**Task prompt:** Word for word, restate the lines from the start of the data down to the line with "DeFacto Kız Çocuk", both included.
Recorded information START
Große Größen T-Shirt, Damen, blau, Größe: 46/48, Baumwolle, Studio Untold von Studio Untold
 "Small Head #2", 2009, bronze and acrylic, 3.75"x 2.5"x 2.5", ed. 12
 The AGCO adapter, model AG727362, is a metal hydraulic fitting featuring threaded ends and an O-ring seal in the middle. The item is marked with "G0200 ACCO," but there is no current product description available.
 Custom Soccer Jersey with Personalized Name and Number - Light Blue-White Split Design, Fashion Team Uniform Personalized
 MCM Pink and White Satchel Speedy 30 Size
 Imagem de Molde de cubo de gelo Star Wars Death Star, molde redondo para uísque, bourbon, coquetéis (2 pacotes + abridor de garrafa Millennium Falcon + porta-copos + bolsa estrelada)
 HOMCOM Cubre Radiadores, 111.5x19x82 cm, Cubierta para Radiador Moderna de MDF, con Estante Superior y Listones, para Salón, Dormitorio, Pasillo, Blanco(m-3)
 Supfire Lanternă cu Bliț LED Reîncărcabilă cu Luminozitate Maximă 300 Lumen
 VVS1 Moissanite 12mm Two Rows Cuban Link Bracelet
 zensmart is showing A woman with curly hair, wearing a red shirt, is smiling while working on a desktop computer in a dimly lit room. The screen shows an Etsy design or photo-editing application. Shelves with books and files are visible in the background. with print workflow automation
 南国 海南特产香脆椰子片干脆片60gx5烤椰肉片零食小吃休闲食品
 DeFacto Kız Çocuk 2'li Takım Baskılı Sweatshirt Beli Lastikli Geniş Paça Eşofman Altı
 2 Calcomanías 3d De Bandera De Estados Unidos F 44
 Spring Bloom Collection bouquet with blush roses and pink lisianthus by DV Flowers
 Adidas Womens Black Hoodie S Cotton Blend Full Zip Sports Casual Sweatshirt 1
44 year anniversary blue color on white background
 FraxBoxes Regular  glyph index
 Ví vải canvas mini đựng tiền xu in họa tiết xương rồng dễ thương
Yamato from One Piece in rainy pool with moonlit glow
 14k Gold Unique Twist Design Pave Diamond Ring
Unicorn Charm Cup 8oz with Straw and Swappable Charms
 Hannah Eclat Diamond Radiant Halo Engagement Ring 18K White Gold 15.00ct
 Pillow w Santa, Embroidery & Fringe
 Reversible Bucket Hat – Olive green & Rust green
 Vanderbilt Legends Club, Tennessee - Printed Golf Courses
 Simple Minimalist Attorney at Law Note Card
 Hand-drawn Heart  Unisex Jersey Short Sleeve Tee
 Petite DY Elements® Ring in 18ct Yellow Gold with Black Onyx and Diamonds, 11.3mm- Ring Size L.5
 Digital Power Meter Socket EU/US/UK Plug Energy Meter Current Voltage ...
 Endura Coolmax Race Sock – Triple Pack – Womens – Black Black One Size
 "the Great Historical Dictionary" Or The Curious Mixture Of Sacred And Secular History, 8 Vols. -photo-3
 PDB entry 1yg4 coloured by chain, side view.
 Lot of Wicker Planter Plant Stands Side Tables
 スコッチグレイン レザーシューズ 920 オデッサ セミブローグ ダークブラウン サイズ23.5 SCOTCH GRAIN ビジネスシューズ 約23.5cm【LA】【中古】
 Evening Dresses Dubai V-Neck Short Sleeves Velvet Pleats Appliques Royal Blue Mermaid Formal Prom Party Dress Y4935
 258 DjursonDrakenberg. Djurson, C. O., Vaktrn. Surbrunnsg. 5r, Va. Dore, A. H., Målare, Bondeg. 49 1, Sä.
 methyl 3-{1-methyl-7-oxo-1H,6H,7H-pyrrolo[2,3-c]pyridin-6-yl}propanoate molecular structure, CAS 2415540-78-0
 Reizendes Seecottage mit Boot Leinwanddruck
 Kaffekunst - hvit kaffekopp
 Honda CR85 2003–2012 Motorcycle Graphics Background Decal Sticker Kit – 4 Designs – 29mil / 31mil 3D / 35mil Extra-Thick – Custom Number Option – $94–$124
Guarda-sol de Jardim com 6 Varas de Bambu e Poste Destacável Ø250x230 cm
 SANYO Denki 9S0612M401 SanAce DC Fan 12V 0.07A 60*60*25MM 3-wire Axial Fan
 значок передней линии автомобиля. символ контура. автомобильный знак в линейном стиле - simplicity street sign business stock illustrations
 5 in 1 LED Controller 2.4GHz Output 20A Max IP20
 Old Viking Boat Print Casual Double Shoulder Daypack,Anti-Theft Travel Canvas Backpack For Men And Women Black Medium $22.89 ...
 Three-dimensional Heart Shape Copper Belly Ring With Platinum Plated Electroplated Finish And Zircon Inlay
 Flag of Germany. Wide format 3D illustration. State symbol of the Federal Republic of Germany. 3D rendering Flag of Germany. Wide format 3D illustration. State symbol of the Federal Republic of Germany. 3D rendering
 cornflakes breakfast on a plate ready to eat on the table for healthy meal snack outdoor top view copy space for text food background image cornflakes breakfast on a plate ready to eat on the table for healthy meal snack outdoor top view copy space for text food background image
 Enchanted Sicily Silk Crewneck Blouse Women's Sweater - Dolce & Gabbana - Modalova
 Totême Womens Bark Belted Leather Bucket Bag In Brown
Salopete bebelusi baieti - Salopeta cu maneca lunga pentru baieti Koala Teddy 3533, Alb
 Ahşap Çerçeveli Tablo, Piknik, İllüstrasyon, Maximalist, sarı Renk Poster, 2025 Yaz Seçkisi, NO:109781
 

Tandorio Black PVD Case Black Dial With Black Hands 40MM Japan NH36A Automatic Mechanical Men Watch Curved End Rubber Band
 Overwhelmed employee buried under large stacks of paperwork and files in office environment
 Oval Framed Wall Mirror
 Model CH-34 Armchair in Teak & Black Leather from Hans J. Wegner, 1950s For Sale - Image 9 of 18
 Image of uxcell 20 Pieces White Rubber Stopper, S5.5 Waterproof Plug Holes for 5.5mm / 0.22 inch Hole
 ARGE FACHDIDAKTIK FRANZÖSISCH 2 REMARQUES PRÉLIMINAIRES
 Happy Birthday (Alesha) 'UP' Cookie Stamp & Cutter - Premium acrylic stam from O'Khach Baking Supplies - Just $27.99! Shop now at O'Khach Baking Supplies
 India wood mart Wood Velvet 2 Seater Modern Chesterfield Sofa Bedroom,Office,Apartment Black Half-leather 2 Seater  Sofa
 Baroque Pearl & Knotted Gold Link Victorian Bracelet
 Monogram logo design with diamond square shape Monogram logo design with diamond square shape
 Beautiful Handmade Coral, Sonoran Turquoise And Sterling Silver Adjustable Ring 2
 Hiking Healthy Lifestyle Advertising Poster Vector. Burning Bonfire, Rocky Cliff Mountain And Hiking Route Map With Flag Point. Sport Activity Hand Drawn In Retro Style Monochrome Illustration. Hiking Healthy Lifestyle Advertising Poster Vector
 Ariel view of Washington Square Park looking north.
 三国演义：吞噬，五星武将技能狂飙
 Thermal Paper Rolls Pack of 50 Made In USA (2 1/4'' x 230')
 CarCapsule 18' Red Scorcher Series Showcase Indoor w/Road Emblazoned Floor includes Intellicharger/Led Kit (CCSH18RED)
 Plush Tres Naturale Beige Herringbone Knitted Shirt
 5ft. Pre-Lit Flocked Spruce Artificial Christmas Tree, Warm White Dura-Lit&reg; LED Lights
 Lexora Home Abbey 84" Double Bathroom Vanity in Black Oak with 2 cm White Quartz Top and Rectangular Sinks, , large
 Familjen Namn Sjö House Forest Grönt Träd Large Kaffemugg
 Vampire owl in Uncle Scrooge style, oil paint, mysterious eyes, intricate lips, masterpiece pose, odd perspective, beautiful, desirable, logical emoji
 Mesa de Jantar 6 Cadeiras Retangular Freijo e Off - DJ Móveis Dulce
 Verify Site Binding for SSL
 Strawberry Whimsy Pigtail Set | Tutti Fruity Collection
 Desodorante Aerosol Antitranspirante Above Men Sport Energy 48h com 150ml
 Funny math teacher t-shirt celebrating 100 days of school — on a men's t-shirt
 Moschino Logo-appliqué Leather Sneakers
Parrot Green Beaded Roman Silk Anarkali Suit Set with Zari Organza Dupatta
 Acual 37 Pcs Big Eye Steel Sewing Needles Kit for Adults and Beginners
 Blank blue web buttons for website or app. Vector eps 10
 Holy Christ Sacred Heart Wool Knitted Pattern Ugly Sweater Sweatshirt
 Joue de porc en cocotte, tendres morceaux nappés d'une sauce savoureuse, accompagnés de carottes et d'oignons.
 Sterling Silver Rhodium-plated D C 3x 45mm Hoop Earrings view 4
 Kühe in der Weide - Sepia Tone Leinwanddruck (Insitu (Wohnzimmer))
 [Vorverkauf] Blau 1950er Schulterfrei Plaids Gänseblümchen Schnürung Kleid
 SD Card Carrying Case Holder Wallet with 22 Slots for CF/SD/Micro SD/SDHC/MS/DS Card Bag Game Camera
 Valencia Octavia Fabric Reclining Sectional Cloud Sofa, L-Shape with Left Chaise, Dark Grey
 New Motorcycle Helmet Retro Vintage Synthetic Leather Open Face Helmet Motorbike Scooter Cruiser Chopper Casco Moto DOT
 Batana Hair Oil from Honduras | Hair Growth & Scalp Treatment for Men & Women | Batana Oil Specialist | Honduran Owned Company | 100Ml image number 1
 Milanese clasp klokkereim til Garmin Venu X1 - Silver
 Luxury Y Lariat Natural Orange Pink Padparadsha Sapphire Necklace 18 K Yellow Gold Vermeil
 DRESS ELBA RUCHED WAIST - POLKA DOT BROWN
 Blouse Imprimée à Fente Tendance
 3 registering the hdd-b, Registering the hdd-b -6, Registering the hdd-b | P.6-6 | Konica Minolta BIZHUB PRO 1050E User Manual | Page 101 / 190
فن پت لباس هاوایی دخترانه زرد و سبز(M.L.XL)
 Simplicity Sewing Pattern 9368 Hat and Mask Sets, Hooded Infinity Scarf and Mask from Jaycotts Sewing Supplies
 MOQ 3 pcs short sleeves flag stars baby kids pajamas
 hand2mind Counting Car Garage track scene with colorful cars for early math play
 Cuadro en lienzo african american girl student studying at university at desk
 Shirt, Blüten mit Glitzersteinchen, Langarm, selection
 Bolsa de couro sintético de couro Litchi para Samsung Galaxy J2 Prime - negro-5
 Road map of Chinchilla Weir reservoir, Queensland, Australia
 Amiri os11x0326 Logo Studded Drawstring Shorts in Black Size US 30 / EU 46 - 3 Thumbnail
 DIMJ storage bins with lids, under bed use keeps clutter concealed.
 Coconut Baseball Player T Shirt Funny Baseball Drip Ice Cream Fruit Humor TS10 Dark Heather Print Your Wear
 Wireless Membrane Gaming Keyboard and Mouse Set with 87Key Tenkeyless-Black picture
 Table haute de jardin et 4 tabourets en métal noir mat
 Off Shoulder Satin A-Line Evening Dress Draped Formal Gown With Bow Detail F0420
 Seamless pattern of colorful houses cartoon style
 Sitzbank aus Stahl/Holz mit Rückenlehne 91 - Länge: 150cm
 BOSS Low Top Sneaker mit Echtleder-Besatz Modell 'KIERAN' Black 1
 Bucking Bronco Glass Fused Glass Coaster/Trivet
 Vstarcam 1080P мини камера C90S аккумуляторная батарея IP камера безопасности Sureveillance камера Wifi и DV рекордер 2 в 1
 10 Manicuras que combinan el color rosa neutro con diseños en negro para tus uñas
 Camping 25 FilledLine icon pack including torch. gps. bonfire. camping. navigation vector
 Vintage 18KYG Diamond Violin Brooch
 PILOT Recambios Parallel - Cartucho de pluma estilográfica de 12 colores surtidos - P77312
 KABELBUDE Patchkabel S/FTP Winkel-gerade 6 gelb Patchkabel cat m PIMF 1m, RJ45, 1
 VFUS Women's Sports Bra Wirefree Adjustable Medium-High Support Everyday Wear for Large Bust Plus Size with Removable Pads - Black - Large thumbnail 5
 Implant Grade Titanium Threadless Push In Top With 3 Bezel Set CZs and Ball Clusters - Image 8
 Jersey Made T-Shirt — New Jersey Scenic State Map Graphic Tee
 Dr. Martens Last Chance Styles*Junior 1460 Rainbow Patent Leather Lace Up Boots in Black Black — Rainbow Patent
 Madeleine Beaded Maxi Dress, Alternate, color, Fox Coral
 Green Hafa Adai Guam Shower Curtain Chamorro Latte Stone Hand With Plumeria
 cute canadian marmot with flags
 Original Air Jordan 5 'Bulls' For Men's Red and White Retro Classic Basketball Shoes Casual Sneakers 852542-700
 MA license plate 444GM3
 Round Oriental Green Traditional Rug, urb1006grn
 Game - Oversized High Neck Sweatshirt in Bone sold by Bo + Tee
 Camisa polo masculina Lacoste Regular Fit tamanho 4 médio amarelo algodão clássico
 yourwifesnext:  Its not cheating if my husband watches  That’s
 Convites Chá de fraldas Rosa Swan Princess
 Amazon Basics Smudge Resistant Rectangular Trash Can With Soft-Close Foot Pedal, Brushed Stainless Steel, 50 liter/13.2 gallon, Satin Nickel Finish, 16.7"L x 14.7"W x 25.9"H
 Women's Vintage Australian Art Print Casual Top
Recorded information END
**Reply:**
Große Größen T-Shirt, Damen, blau, Größe: 46/48, Baumwolle, Studio Untold von Studio Untold
 "Small Head #2", 2009, bronze and acrylic, 3.75"x 2.5"x 2.5", ed. 12
 The AGCO adapter, model AG727362, is a metal hydraulic fitting featuring threaded ends and an O-ring seal in the middle. The item is marked with "G0200 ACCO," but there is no current product description available.
 Custom Soccer Jersey with Personalized Name and Number - Light Blue-White Split Design, Fashion Team Uniform Personalized
 MCM Pink and White Satchel Speedy 30 Size
 Imagem de Molde de cubo de gelo Star Wars Death Star, molde redondo para uísque, bourbon, coquetéis (2 pacotes + abridor de garrafa Millennium Falcon + porta-copos + bolsa estrelada)
 HOMCOM Cubre Radiadores, 111.5x19x82 cm, Cubierta para Radiador Moderna de MDF, con Estante Superior y Listones, para Salón, Dormitorio, Pasillo, Blanco(m-3)
 Supfire Lanternă cu Bliț LED Reîncărcabilă cu Luminozitate Maximă 300 Lumen
 VVS1 Moissanite 12mm Two Rows Cuban Link Bracelet
 zensmart is showing A woman with curly hair, wearing a red shirt, is smiling while working on a desktop computer in a dimly lit room. The screen shows an Etsy design or photo-editing application. Shelves with books and files are visible in the background. with print workflow automation
 南国 海南特产香脆椰子片干脆片60gx5烤椰肉片零食小吃休闲食品
 DeFacto Kız Çocuk 2'li Takım Baskılı Sweatshirt Beli Lastikli Geniş Paça Eşofman Altı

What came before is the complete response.